Le temps de fin de marathon moyen est d'environ 4:20-4:45 pour les coureurs récréatifs. Un excellent objectif de premier marathon est simplement de terminer tout en appréciant l'expérience. Pour les coureurs qui ont entraîné de manière régulière pendant 16-20 semaines, 4:00-4:30 est réalisable. Sous 4 heures nécessite une base solide de 30-40+ miles par semaine et un temps de 5K sous 24-25 minutes. Votre premier marathon est vraiment pour apprendre à courir la distance — l'utilisez comme une expérience de collecte de données pour les courses futures.

Comment ajuster mon rythme de marathon pour un parcours accidenté?

Course par effort sur les pentes, pas par rythme. Sur les pentes, laissez votre rythme ralentir naturellement tout en maintenant un effort constant. Sur les pentes, ne freinez pas agressivement — utilisez une cadence contrôlée, rapide pour descendre de manière efficace. Pour la planification du rythme sur un parcours accidenté, ajoutez environ 10-20 secondes par kilomètre à votre rythme de fin de course prévu par rapport à un parcours plat pour chaque 100m de gain de dénivelé net par 10K.

Peux-je courir un marathon sans faire une course longue en formation?

Techniquement oui, mais pas recommandé. Les courses longues sont la pierre angulaire de la formation marathon — elles développent la capacité aérobie, l'oxydation des graisses et la résistance mentale nécessaires pour 26,2 miles. La plupart des entraîneurs recommandent au moins 3-4 courses longues de 18-22 miles dans les 8 semaines avant le marathon. Les sauter augmente considérablement le risque d'entraînement sur la course et la probabilité de rencontrer le mur dur.

Qu'est-ce que la méthode de marathon de Hansons et comment diffère-t-elle des plans traditionnels?
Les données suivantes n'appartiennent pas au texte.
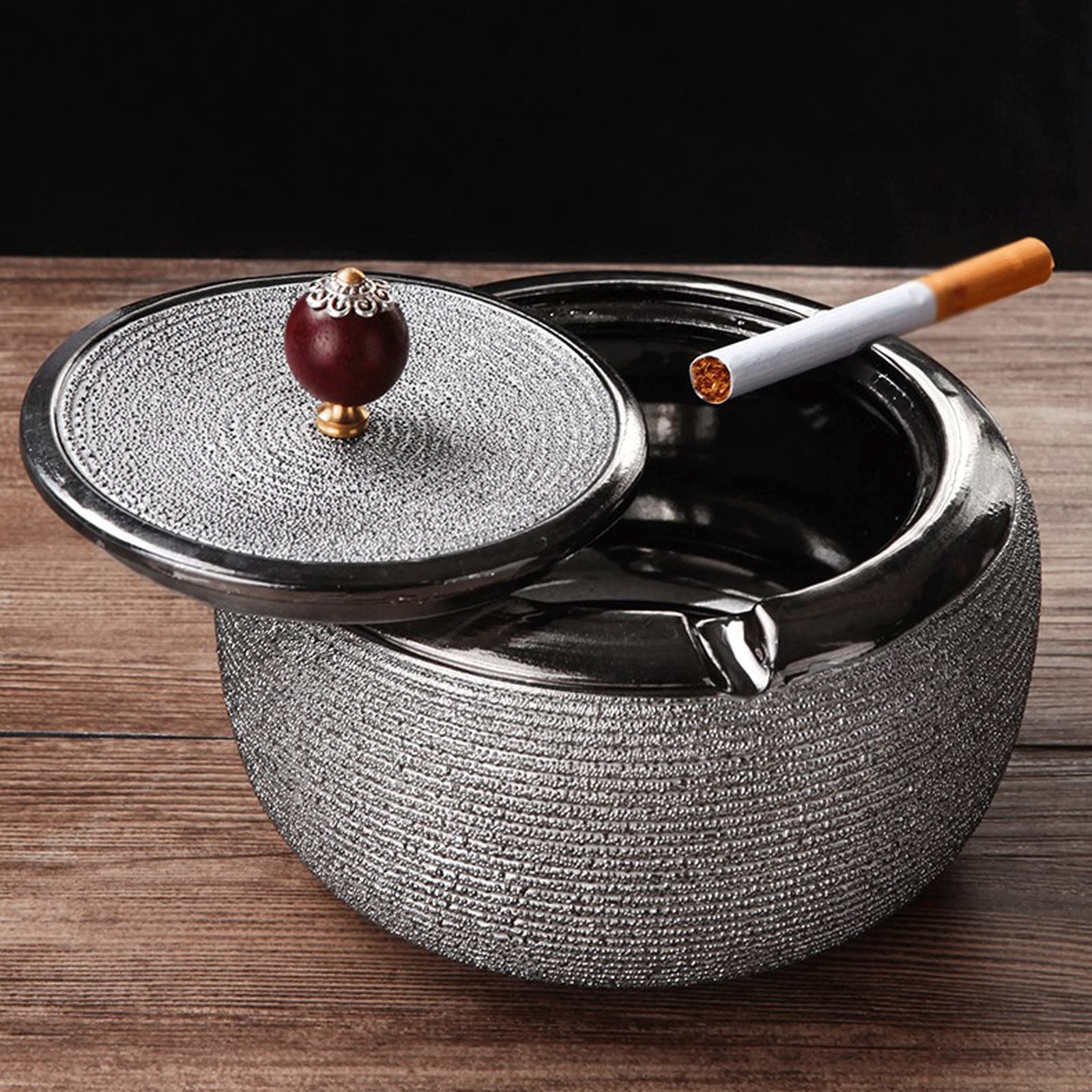 Ceniceros para cenicero de cerámica con tapa, cenicero para uso en interiores o exteriores, cenicero para escritorio, patio, oficina en casa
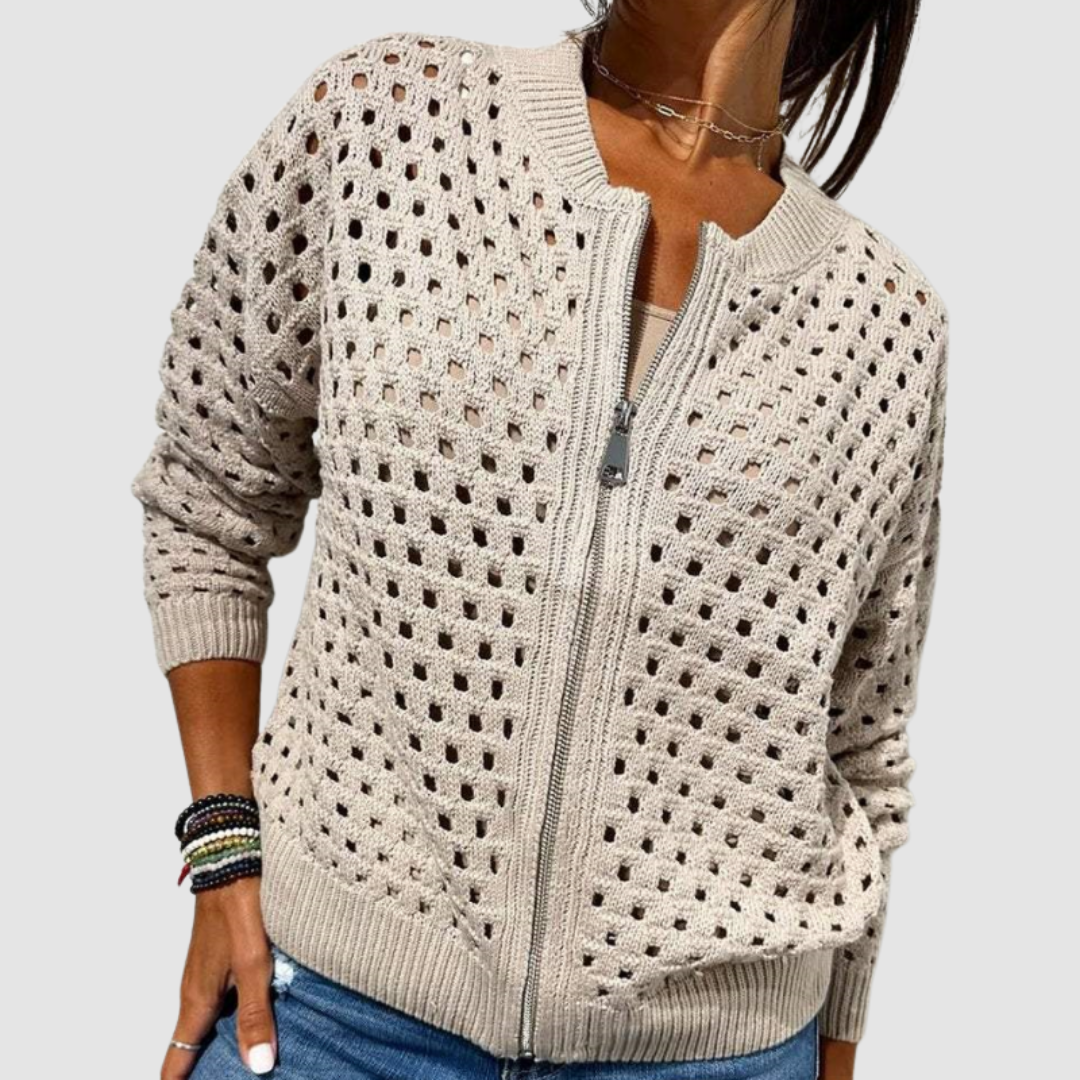 Ilse Relaxed Fit Crochet Knit Cardigan - view 1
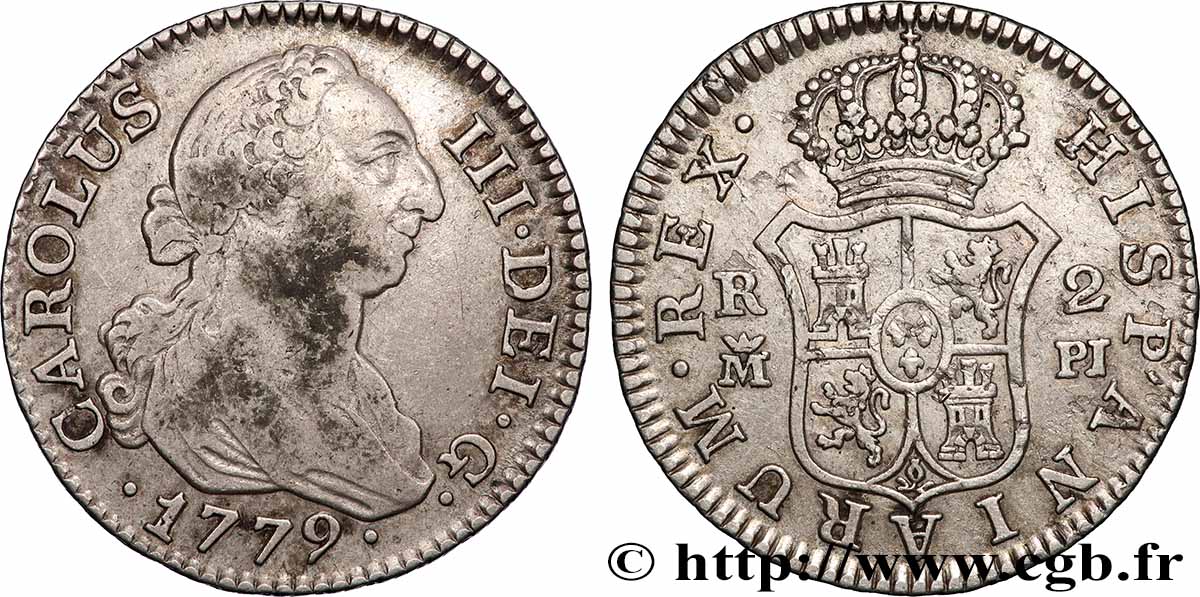 SPAIN 2 Reales Charles III 1779 Madrid VF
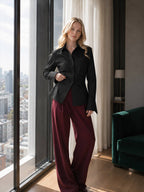 Versatile Lapel Collar Blouse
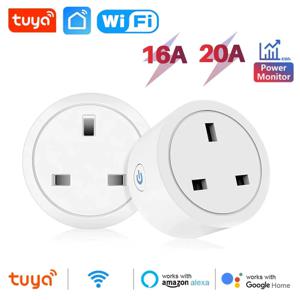 20A 16A 영국 플러그 TUYA WIFI 스마트 소켓(전원 모니터 포함) 음성 제어 타이밍 홈 전원 소켓은 Alexa Google 홈과 함께 작동합니다.
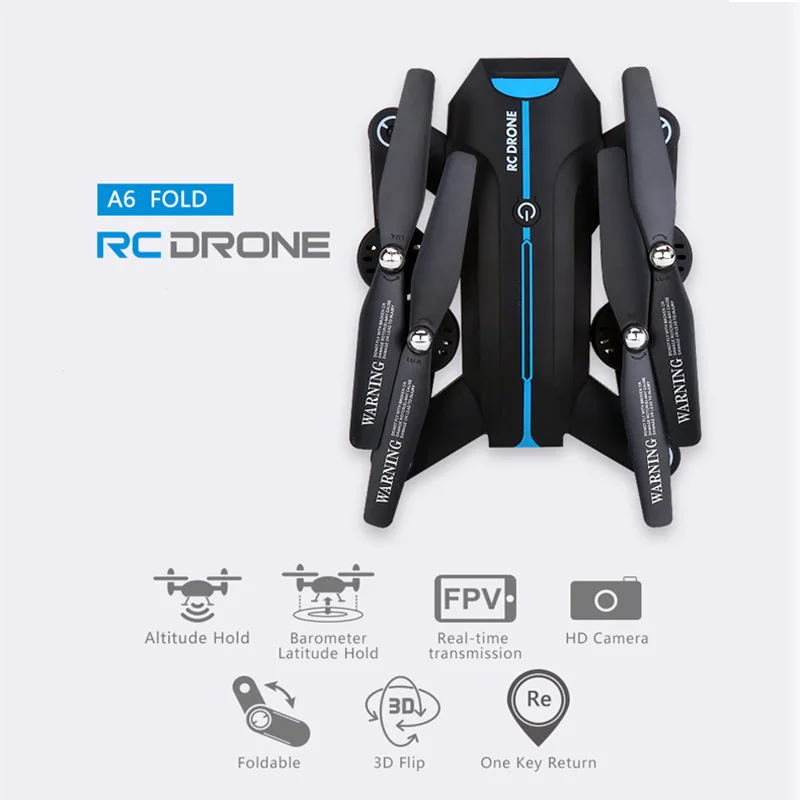 A6 RC вертолет wifi FPV мини Дрон 2,4G пульт дистанционного управления с HD камерой RC Дрон режим удержания высоты складной ручной Квадрокоптер - Цвет: 2MP
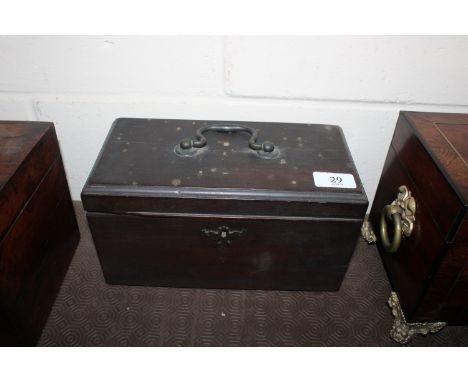 An antique mahogany tea caddy converted to a trinket box, having swing handle to the lid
La méthode de marathon de Hansons fixe les courses longues à 16 miles au lieu des 20-22 miles traditionnels. La philosophie est la fatigue cumulative : en courant 6 jours par semaine avec des séances de vitesse et de tempo de qualité, vous commencez votre course longue sur des jambes pré-fatiguées. Courir 16 miles sur des jambes fatiguées simule plus efficacement les 16 derniers miles d'un marathon que 22 miles frais. La méthode de Hansons a produit des milliers de coureurs BQ et des qualifiés aux essais Olympiques.

Comment la planification de Pfitzinger de marathon avancé diffère-t-elle de l'approche de Daniels?

Pfitzinger met l'accent sur la course moyenne-longue (11-15 miles en milieu de semaine) comme séance clé que les plans de Daniels ne priorisent pas aussi fortement. Les plans de Pfitzinger s'élèvent à des volumes de mileage plus élevés (55-85 miles/semaine) avec des séances de seuil lactique progressives jusqu'à 10 miles. Daniels se concentre davantage sur les prescriptions de zone de vitesse basées sur VDOT et limite les courses longues à 29 % du volume hebdomadaire. Les deux sont excellents — Pfitzinger convient aux coureurs à plus fort volume tandis que la structure de Daniels est plus flexible sur les niveaux de capacité.